Namun, kendati telah menghitung kerugian sementara secara internal, penyidik mengaku masih memperdalam unsur Perbuatan Melawan Hukum (PMH) yang terjadi.
“Untuk sementara, kami telah menghitung kerugian negara secara internal dan telah kami dapat angkanya. Tinggal kami memperdalam unsur tindak pidananya saja,” kata sumber di Kejaksaan beberapa waktu lalu.
Jaksa itu juga mengaku, temuan tim penyidik juga telah dilaporkan ke Kajati.
“Sudah kami laporkan perkembanganya kepada pimpinan. Kami sedang memperdalamnya,” tegasnya singkat.
Terkait dugaan pelanggaran dalam pembuatan, penerbitan dan pelaksanaan Peraturan Gubernur (Pergub) yang menjadi dasar temuan kerugian, jaksa tersebut enggan berkomentar.
Namun ditegaskannya, bahwa keberlakuan Pergub tidak dapat berlaku surut.
“Ya yang jelas pergub itu tidak berlaku surut. Udah itu saja, saya sakin anda dapat menganalisanya,” tegasnya.
Perkara dugaan korupsi yang dilakukan Arinal Djunaidi saat menjabat Sekretaris Provinsi (sekprov) Lampung mencuat setelah dilaporkan Masyarakat Transparansi Lampung (MaTaLa) beberapa waktu lalu.
Dalam laporanya disebutkan, pada tahun 2015, gubernur menetapkan pedoman penyelenggara Pemda dalam melaksanakan anggaran yang dituangkan dalam Pergub No 72 Tahun 2014 tertanggal 29 Desember 2014.
Dalam Pergub tersebut, telah diatur besaran honorarium tim.
Tapi kemudian tanggal 14 April 2015, Pergub tersebut dirubah dengan Pergub Nomor 24 Tahun 2015 yang isinya memfasilitasi besaran honor Tim Raperda, Rapergub, dan Tim Evaluasi Raperda APBD kabupaten/kota.
Keputusan Gubernur Nomor G/59/B.III/HK/2015 tentang Penetapan Besaran Honor dan Keputusan Gubernur Nomor G/292/BX/HK/2015 tentang Pembentukan Tim, menurut Matala, keduanya bertentangan dengan Pasal 1 Lampiran IV dan Pasal 5 Pergub Nomor 72 Tahun 2014.

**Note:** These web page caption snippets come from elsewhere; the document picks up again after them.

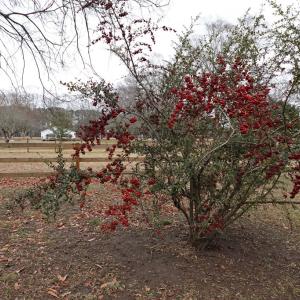 Photo #62 of 7337 BAYSIDE RD, FRANKTOWN, VA 9.5 acres
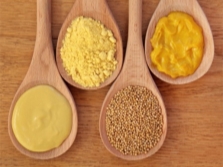  Mustard species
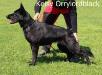 Keisy Orrylordblack
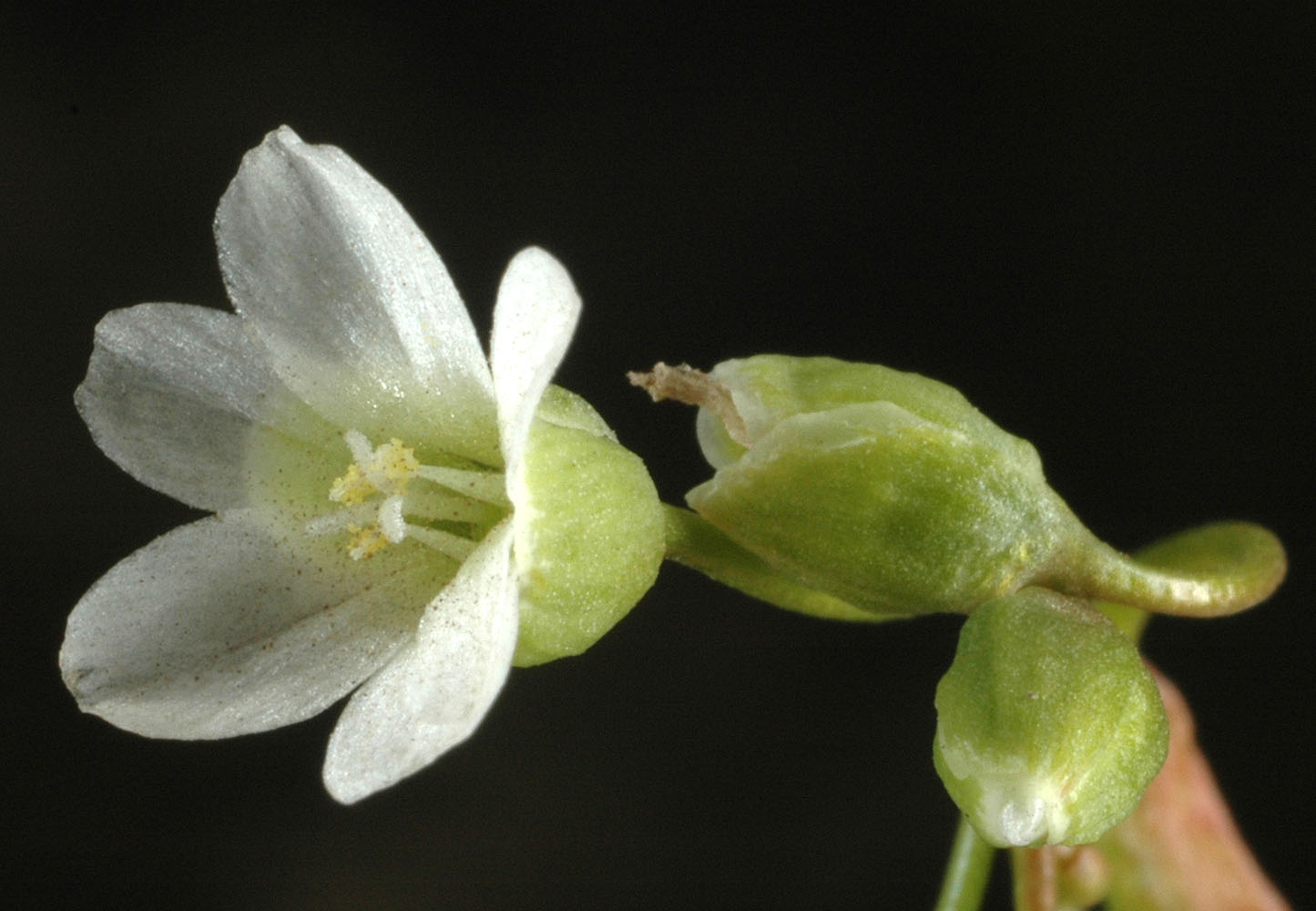 Flora of Eastern Washington Image: Montia linearis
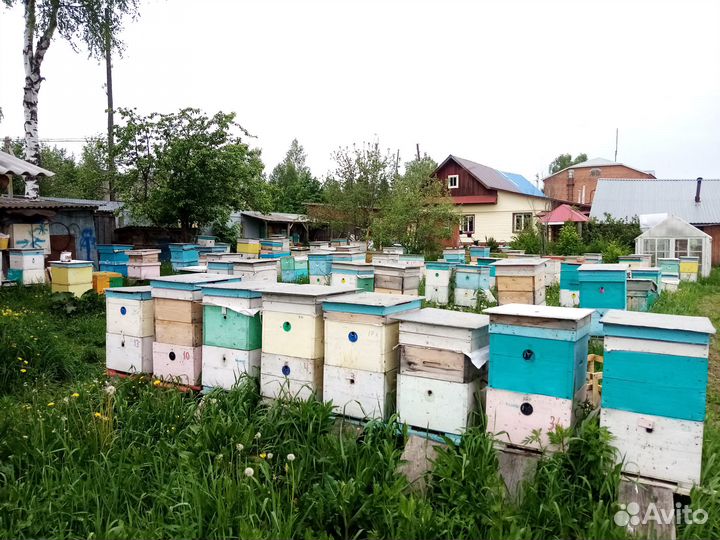 Пчеломатки, пчелопакеты: Карника, Бакфаст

Sekdaprov Merangkap Tenaga Ahli
Kemudian, nama Arinal di tahun 2015 juga muncul sebagai tenaga ahli, padahal saat itu dirinya masih menjabat sebagai Sekretaris Daerah Provinsi.
Menurut Akademisi Unila, Yusdianto, namaArinal sebagai Pembina ASN tertinggi di Lampung tidak dapat diikutsertakan dalam tenaga ahli.